A nova redação da cláusula de calamidade seria, na concepção de Guedes, a contrapartida à prorrogação do auxílio emergencial, demonstrando a preocupação do governo com a sustentabilidade das contas públicas. Mas, a rigor, as medidas de ajuste deste ano já foram adotadas. Portanto, a nova redação da cláusula não implicaria medidas adicionais. Diante de eventuais resistências à aprovação de uma “cláusula de calamidade pública” mais abrangente, na forma de uma Proposta de Emenda Constitucional (PEC), discute-se no Congresso Nacional, discretamente, uma proposta menos ambiciosa, mas que dê conforto ao governo para a renovação do auxílio emergencial. A alternativa poderia ser uma expansão do Bolsa Família dentro do Orçamento de 2021, disse uma fonte ao Valor. A “PEC de Guerra”, como Guedes está chamando a proposta, ainda é a hipótese central em estudo. Governo e Congresso discutem um texto que, acoplado à proposta que já está no Senado tratando do Pacto Federativo, formará o que o ministro chama de “protocolo de crise”. Esse protocolo combina duas coisas: autorização para gastar mais em caso de calamidade e medidas de contenção de gastos.

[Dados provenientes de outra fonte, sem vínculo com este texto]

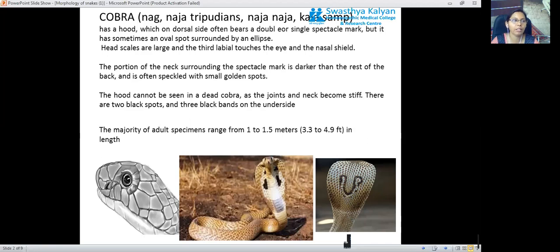First, we must go for the cobra. It is commonly called Nasa, and the scientific name is Naja kaouthia or Naja naja, with the common name Kala Nasa. It has a hood — the main identification feature of the cobra is the hood. It has a spectacle mark which may be either double or single. The double spectacle mark is called binocellate and the single one is called monocellate.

Como o calendário está apertado, parlamentares avaliam que o governo e o Congresso devem bater o martelo sobre o formato e o valor da nova rodada do auxílio emergencial até a próxima semana. Apesar da expectativa de que as parcelas mensais do auxílio serão de R$ 200 ou R$ 250 – inferiores ao que se concedeu no ano passado -, parlamentares pontuam que o valor não está fechado. “Acredito que o plenário vai ter a sensibilidade de reconhecer a importância da reedição do auxílio para conseguir colocar o pão na mesa das famílias mais humildes e impactadas pela pandemia”, disse o líder do DEM na Câmara, Efraim Filho (PB), ao Valor. “Igualmente, o plenário terá a responsabilidade de aprovar o valor e as parcelas de acordo com a capacidade do Orçamento do país que a equipe econômica apontar”, ponderou. Há a expectativa de que o presidente do Senado, Rodrigo Pacheco (DEM-MG), promova debate sobre o financiamento do benefício em reunião de líderes amanhã. Lideranças da Câmara destacam que um encontro com o presidente da casa, Arthur Lira (PP-AL), está marcado para o mesmo dia.